- [TASK TO CARRY OUT] What's needed is the listing below, repeated word for word with no pictures.

- [SUPPLIED MATERIAL]
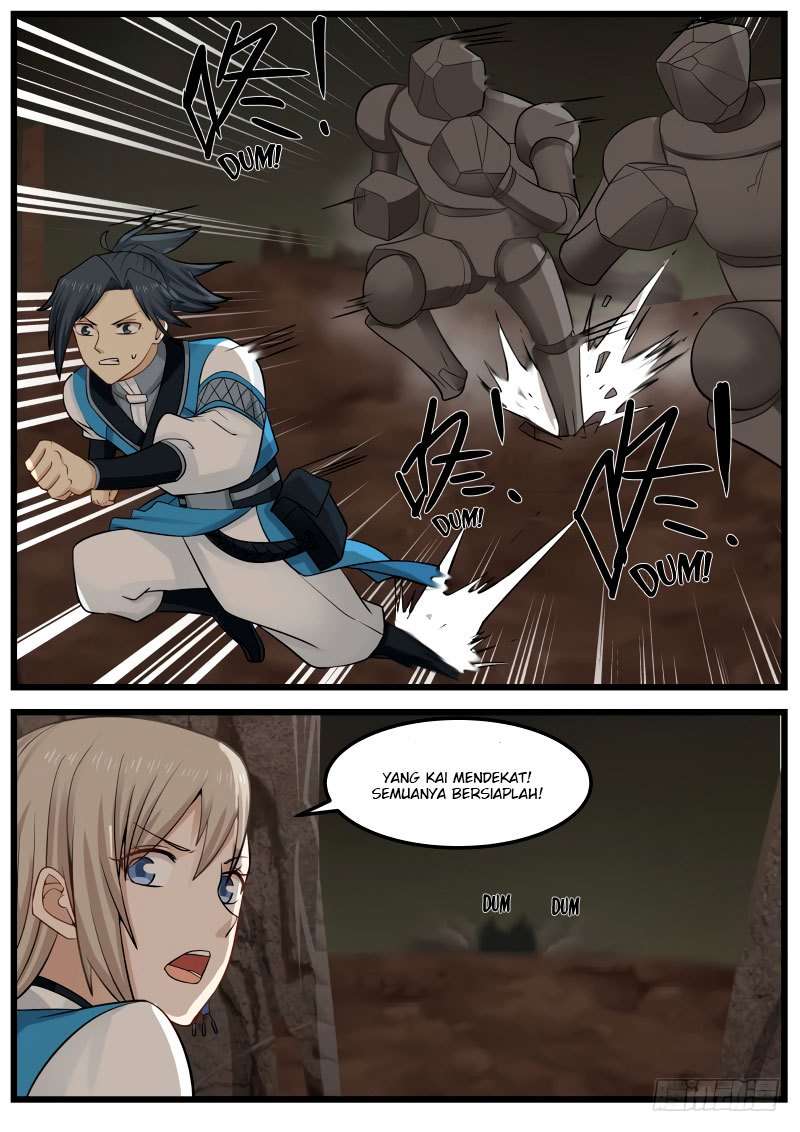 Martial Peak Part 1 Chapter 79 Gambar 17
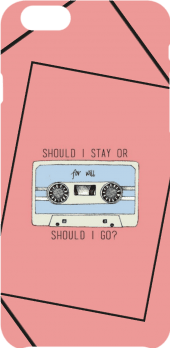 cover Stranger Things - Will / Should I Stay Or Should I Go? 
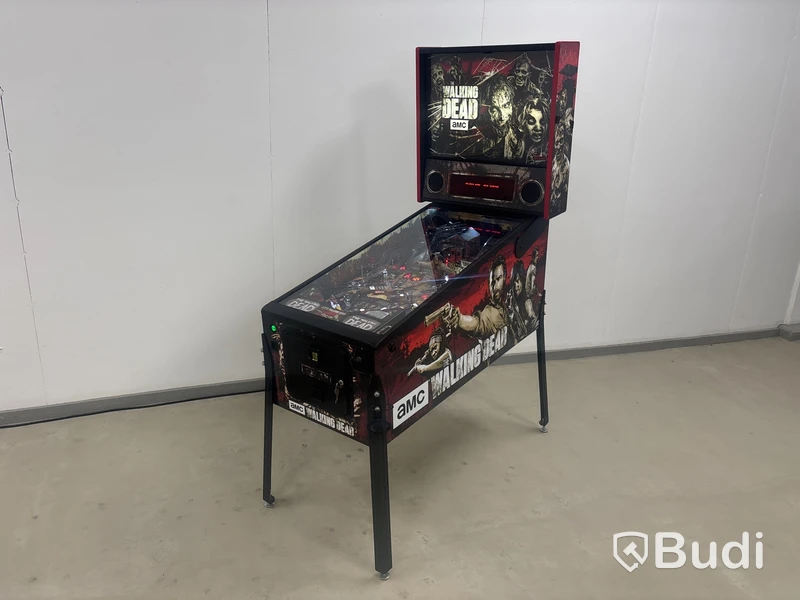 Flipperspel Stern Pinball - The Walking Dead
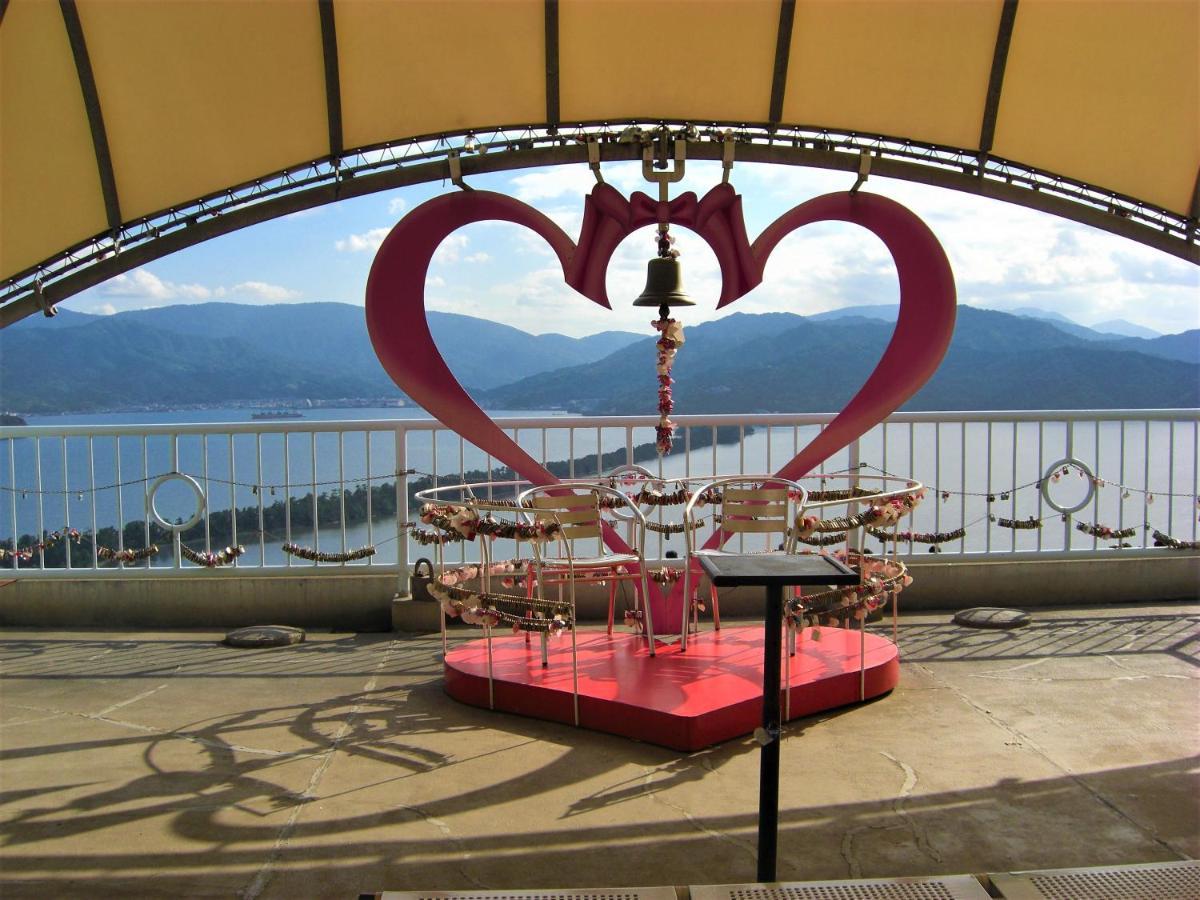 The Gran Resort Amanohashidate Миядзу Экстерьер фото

- [RESULT BELOW]
 Martial Peak Part 1 Chapter 79 Gambar 17
 cover Stranger Things - Will / Should I Stay Or Should I Go? 
 Flipperspel Stern Pinball - The Walking Dead
 The Gran Resort Amanohashidate Миядзу Экстерьер фото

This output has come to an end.